A tough three-way split in very tight voting. And by tight, I mean Zebra boobies. But with a three douche run including Where’s Trojan Helmet?, Corporal Faux and Corporal Faux in the Water, Ubiquitous Luane brought Ubiquitous Red Cup and Capt. Rehab to a peak shaped win. The voters speak:

memphis doucheworkers local 421: captain rehab and luanne, for introducing herpes into somebody’s water supply

Tony Ventresca: My vote goes to the Captain & Luana, but a close second to the Cartoonbags, and ONLY because Luana is hotter than Kara and obviously a human female instead of the plastic Auton that is Kara.

Bob: I give it to the Captain and Luane for the natural boobage, and stupid shades, fauxhawk, dumb tatts, URC, and a SPW.
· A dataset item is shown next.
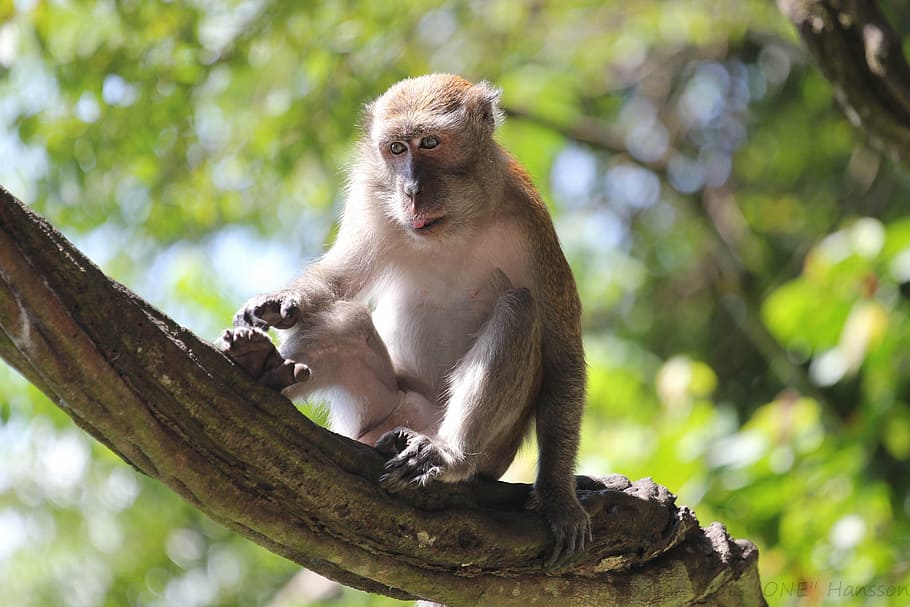 monkey, branch, sitting, watching, animal wildlife, one animal HD wallpaper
Dex: Rehab, on the other hand, has a head that is much too big. Much much too big. So if I were to push him over to see if whatever holding his hair up was water-soluble or not, I feel confident there wouldn’t be any repercussions. And Luane looks like she might be into that sort of thing. I’d push over an entire army of terracotta warriors domino-style for her.
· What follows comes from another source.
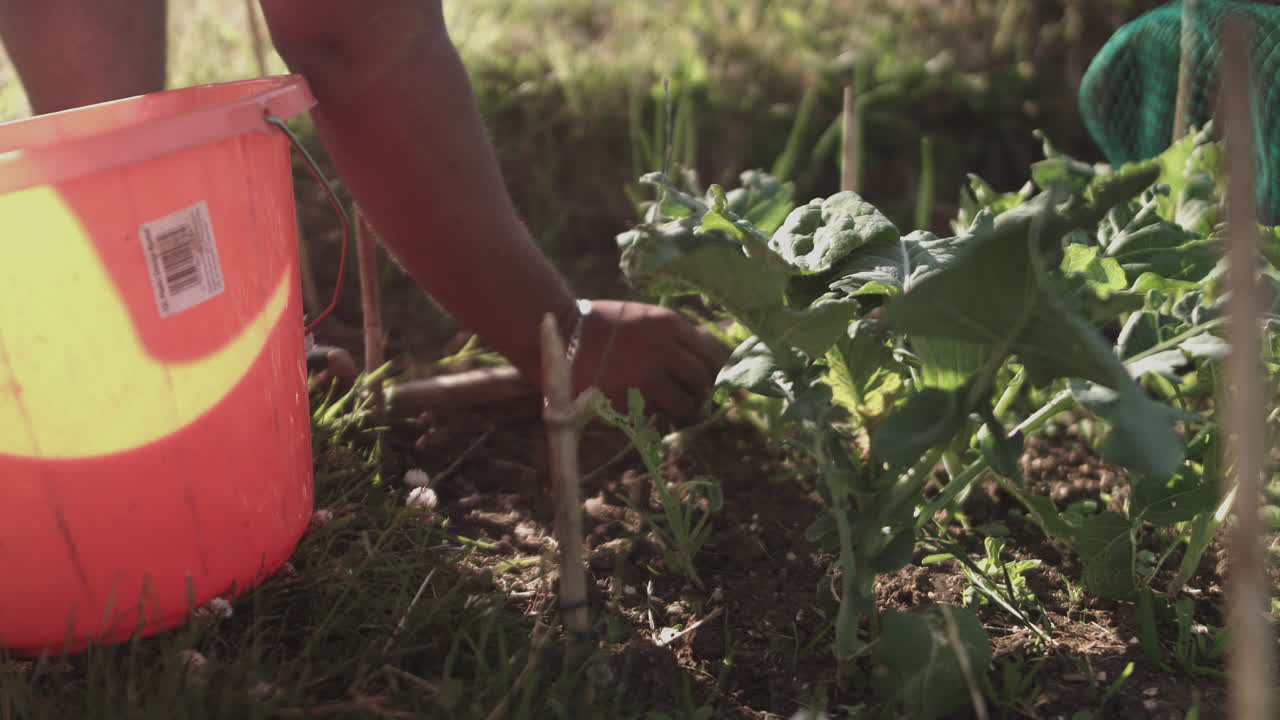 primer plano de manos latinas recogiendo plantas en un cubo naranja en un día soleado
Douchesquire: Though the angle is wrong, you can see the supple back arch and out-thrust butt, leading me to believe she likes it from behind, which is a winner. He jut sucks, for all the reasons that are glaringly apparent. Especially those glasses. And pink shorts. And 6 lb watch. And close encounters faux-hawk. And ear bling. etc. there needs to be some chlorine added to that gene pool.
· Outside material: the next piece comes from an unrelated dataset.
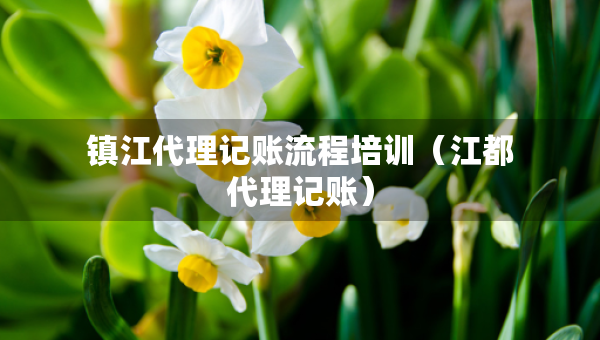 鎮(zhèn)江代理記賬流程培訓(xùn)（江都代理記賬）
Captain Bringdown: Captain Rehab is a synergistic scrotisserie of poor choices that began the moment his club foot hit the hotel rug that morning. Each painful decision apparently scrutinized for the ability to maximizing his appeal to rapists of midget Elvis impersonators or cognitively disabled UFO cultists. If Jim Jones and Marshall Applewhite had a butt-love baby born in the throes of auto-erotic asphyxiation with its own rectal umbilical cord, this is how it would dress.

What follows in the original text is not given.